Mr. Jane donates ₹ 1 lakh to a school and the interest on it is to be used for awarding five scholarships of equal value. If the value of each scholarship is ₹ 1,500, find the rate of interest.
Answer:
Here, Principal = ₹ 1,00,000
Value of one scholarship = ₹ 1500
∴ Value of five scholarships of equal value = ₹ 5 × 1500 = ₹ 7500 = S.I.
Time = 1 year
Now, S.I = \(\frac{\mathrm{P} \times \mathrm{R} \times \mathrm{T}}{100}\)
⇒ 7500 = \(\frac{100000 \times \mathrm{R} \times 1}{100}\)

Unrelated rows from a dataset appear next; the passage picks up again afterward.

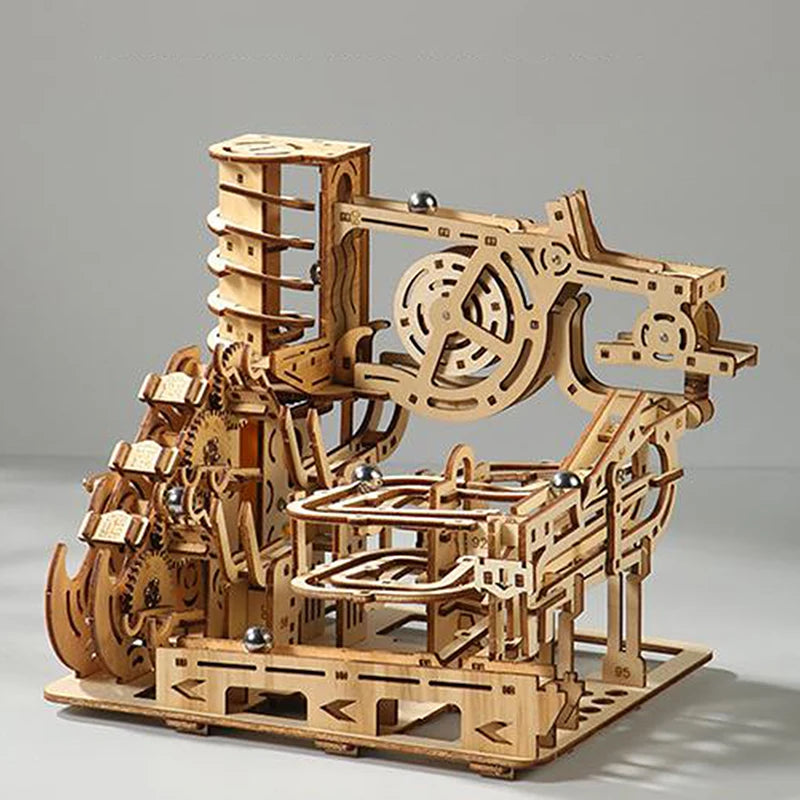 Electric Catapult Marble Run Kit with Spiral Plank Road Puzzles, Mechanical Assembly Model, Ideal Gift for Kids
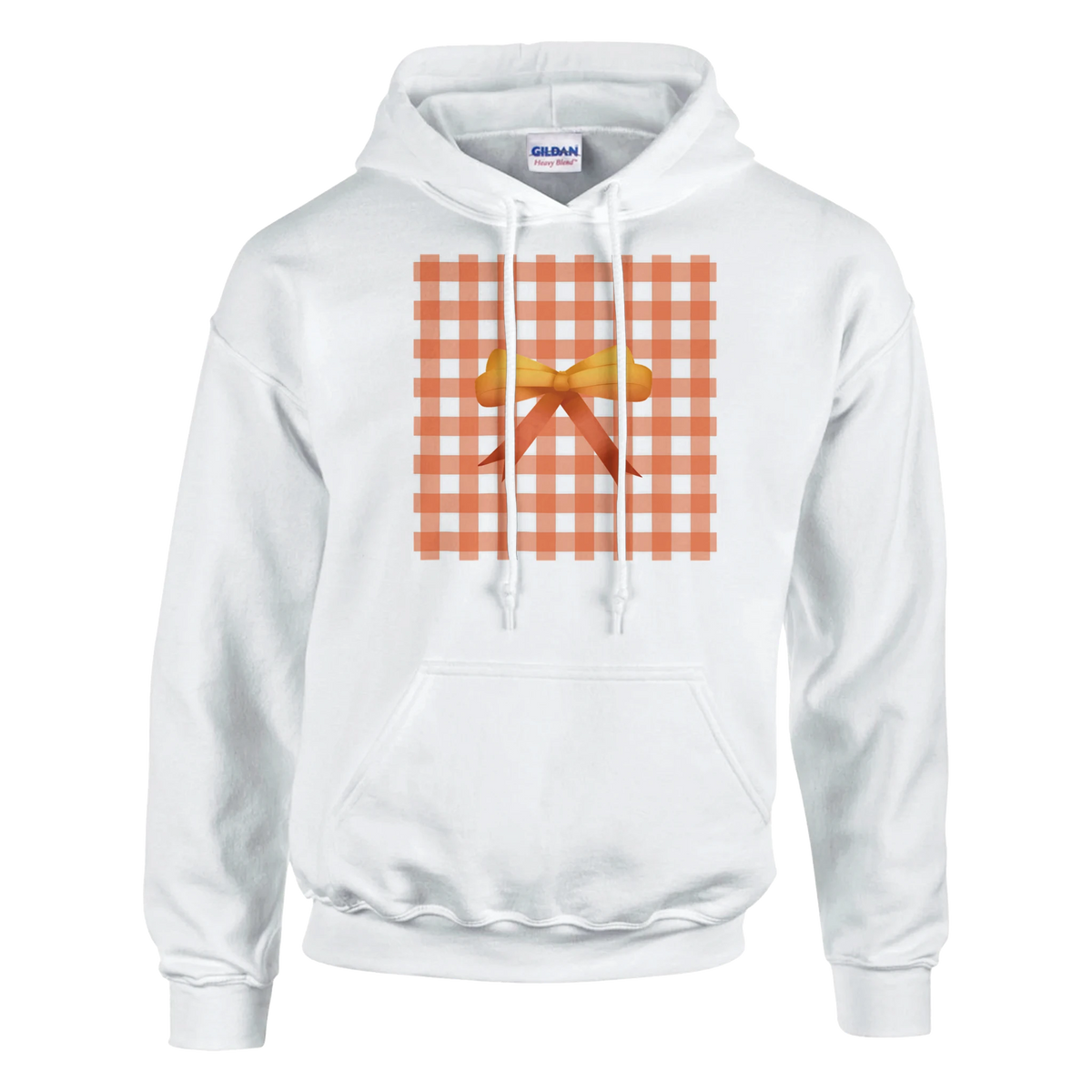 White pullover hoodie featuring an orange gingham square graphic with a yellow bow, embodying cute coquette aesthetic streetwear.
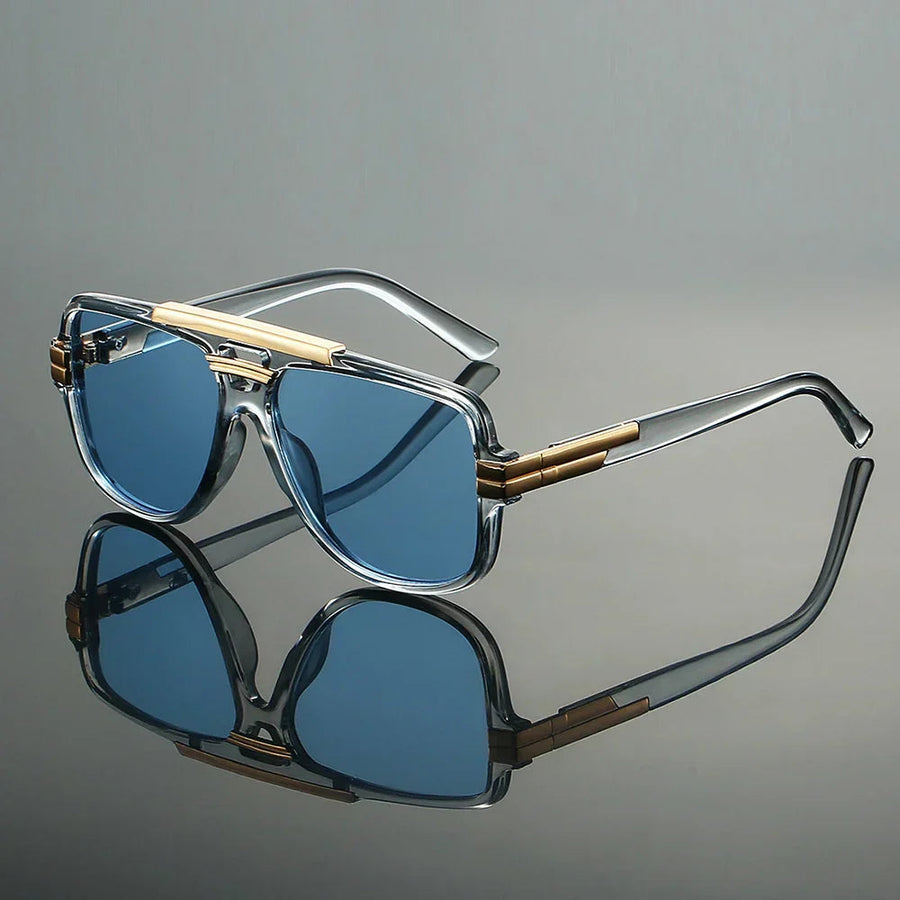 Unisex Retro Double Bridge Sunglasses with Gradient Lenses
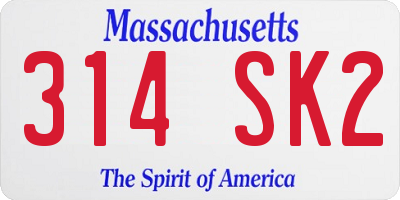 MA license plate 314SK2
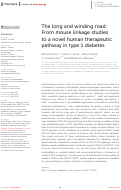 Cover page: The long and winding road: From mouse linkage studies to a novel human therapeutic pathway in type 1 diabetes.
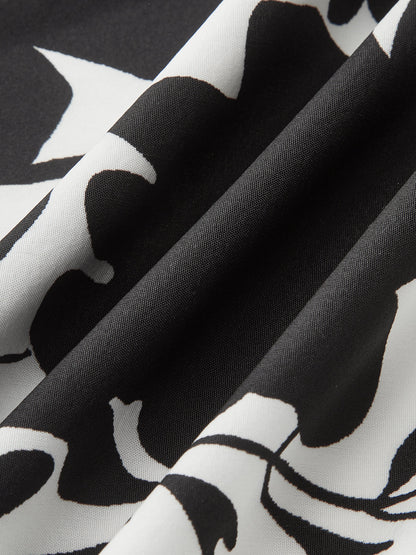 Volanlı Yakalı Kemerli Çiçek Desenli Uzun Elbise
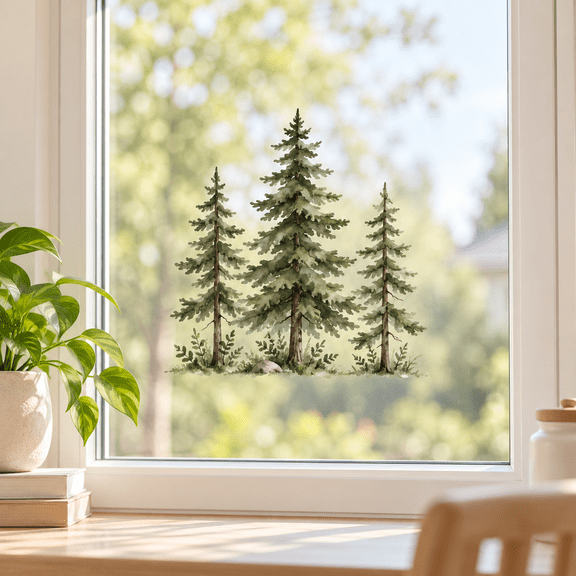 Lotusprinthandmade Pine Tree Transparent Vinyl Decal, Evergreen Forest Window Decor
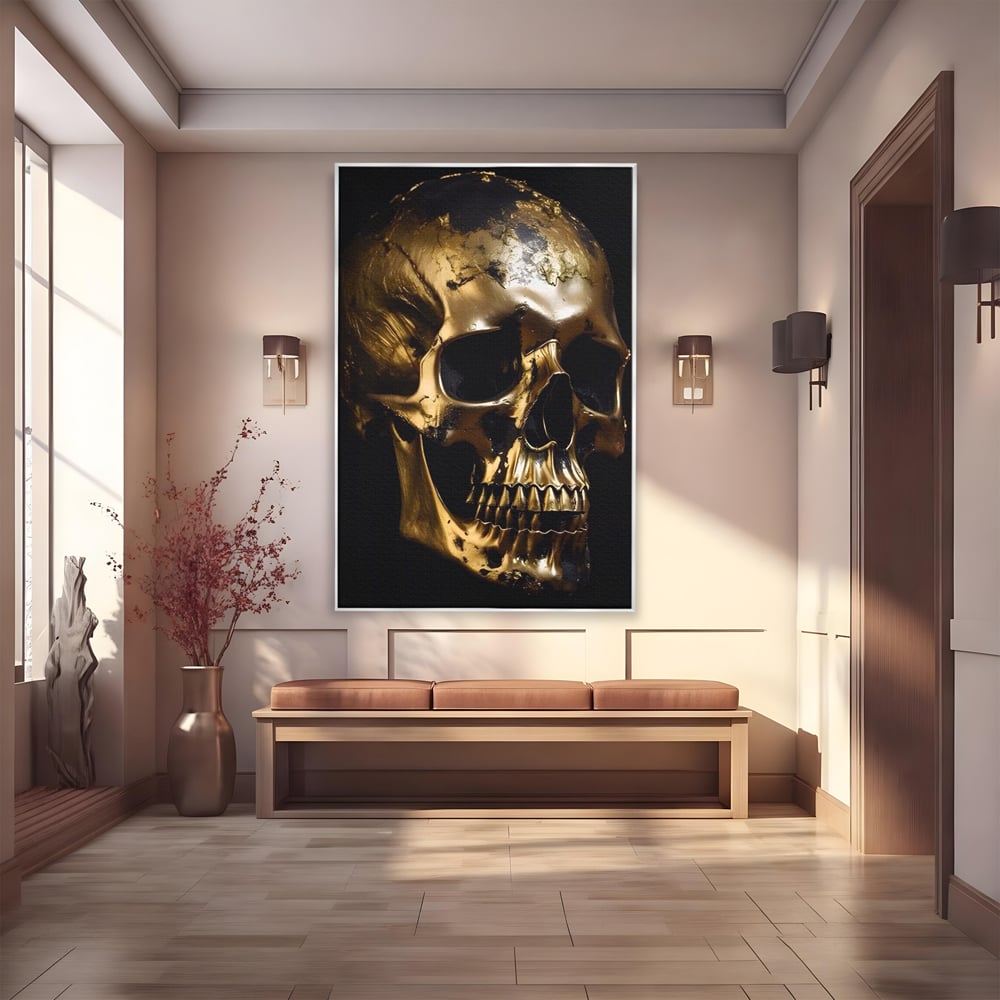 Tablou Canvas Premium LuxCanva® A1505, Craniul Auriu , Auriu, Decorativ, Straniu, Room, Culori Vibrante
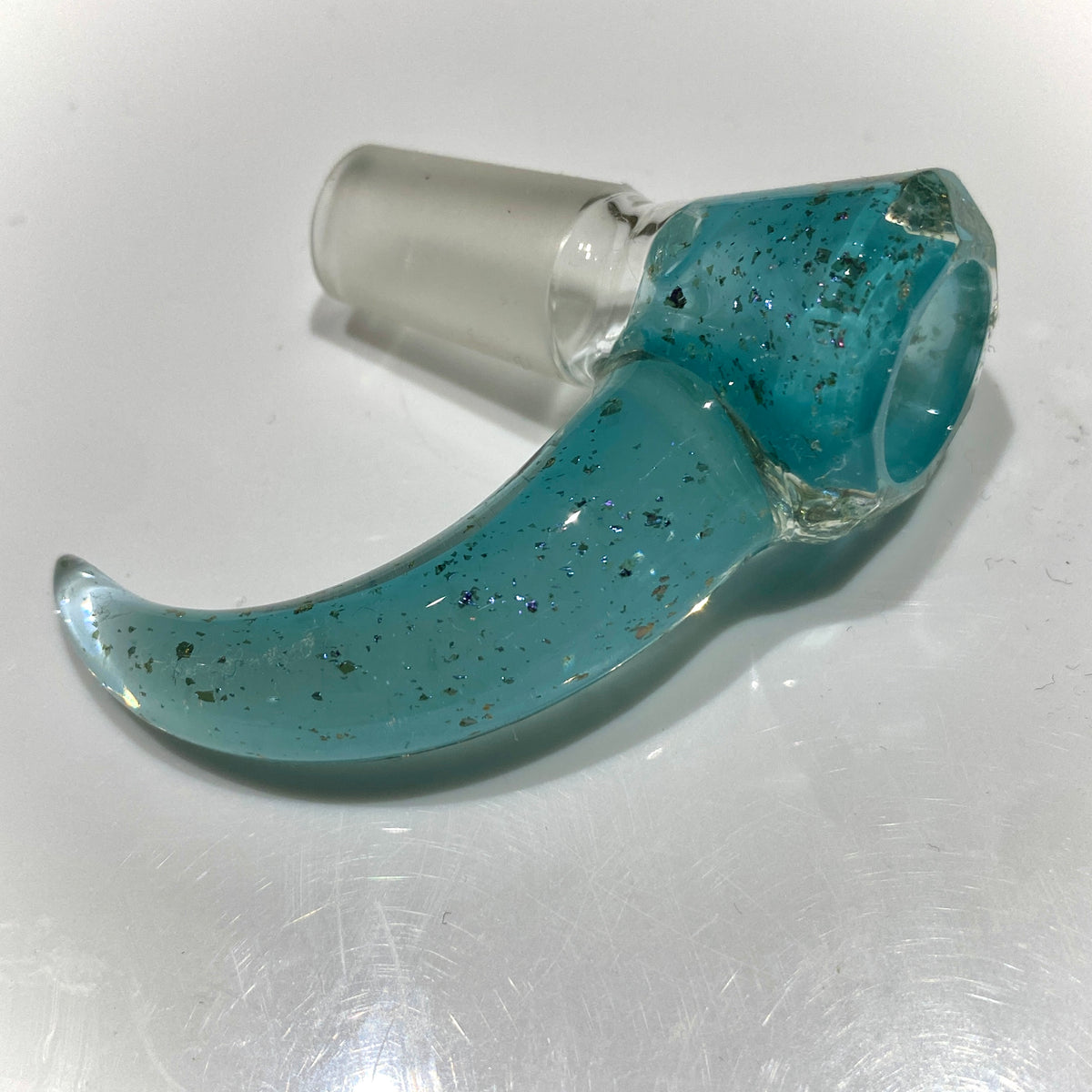 14mm Faceted 3-Hole Slides with Horn Handle (Agua Azul - Dichro)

⇒ R = \(\frac{7500 \times 100}{100000}\)
⇒ R = \(\frac{7500}{1000}=\frac{75}{10}\) = 7.5%
So, rate of interest is 7.5% per annum.
DAV Class 7 Maths Chapter 5 Value Based Questions
Question 1.
In a survey it was found that out of 125 people in a park, 12% jog, 16% do yoga and rest prefer to walk.
(i) Find the number of people who prefer to walk.
(ii) Discuss the importance of exercises like jogging, yoga, walking, etc.
Answer:
(i) Total number of people in park = 125
Number of people who prefer to walk = [100 – (12 + 16)]% = (100 -28)%
= 72% of the total number of people
= \(\frac{72}{100}\) × 125 = \(\frac{72}{4}\) × 5
= 18 × 5 = 90
So, 90 people prefer to walk.
(ii) Importance of Exercises: All these exercises keep us active, fit, physically and mentally alert.
Question 2.
The library teacher of a school keeps record of students of each class about their reading habits. The results of Class-Vll students for the month of April are as follows :
| Books read | Percentage |
| 0 | 14 |
| 1-3 | 28 |
| 4-6 | 26 |
| More than 6 | 32 |
(i) If total number of students ofClass-VII is 500, how many students had read books in the month of April ?
(ii) What is the importance of reading books?
Solution:
(i) Total number of students in class = 500
∴ Number of students who read books = (28 + 26 + 32)% = 86% of the total students
= \(\frac{86}{100}\) × 500 = 86 × 5 = 430
So, 430 students read books in the month of April.
(ii) Importance of Reading Books: Reading books increases vocabulary, improves thought process etc.